The ideas and methods in neural nets (NNs) have been around for a long time, but in the last decade plus, we are finally starting to reap significant benefits, and this is just the beginning. This post provides an overview of my recent PyCon talk in Montreal which is a neural net primer of sorts. The video is below, my slides are on SpeakerDeck, and I have a repo on Github named Neural Nets for Newbies.
There is too much to cover to fully explain neural nets them; thus, the post and the talk provide a framework to start to understand neural nets. If you want to learn more, there are plenty of resources, some listed in my deck, to dive into.
What are they?
Machine learning is a set of algorithms for classification and prediction, and artificial neural nets are part of the machine learning space. At its core, neural nets are an algorithm which means an equation to help abstract and find patterns in data.
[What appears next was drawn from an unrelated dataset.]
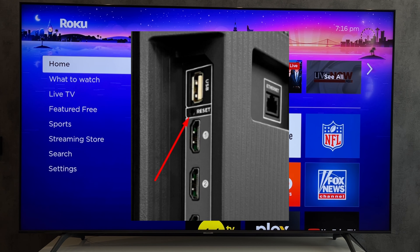That's it! Now we know how to reset a TCL TV with a black screen. Thanks for watching. Please like and subscribe to the channel. Good luck and see you soon.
Technically it’s a combination of equations.
The structure is modeled after our brains. Before you get all excited about robots that can think like us (side note that idea has been around since BC), the reality is that we still don’t fully understand how the human brain functions. Neural nets are only loosely mimicking brain functionality. For the enthusiasts out there, yes there are many researchers focused on creating a closer biological representation that acts like our brain. The Bottom line is we aren’t there yet.
The algorithm, structure and many of the ideas around neural net functionality have been around for a while; several of them date back to the 1950s. Neural nets have been applied for commercial solutions as far back as 1959 (reducing phone line echos), but we really haven’t seen significant value until recently. Key reasons are that our computational power (computer processing speed and memory capabilities) and access to useful data (amount of stored data) has significantly improved in the last decade alone.
Why should I care?
Because NNs have achieved technical advancement in areas like:
- Natural Language Processing (Search & Sentiment)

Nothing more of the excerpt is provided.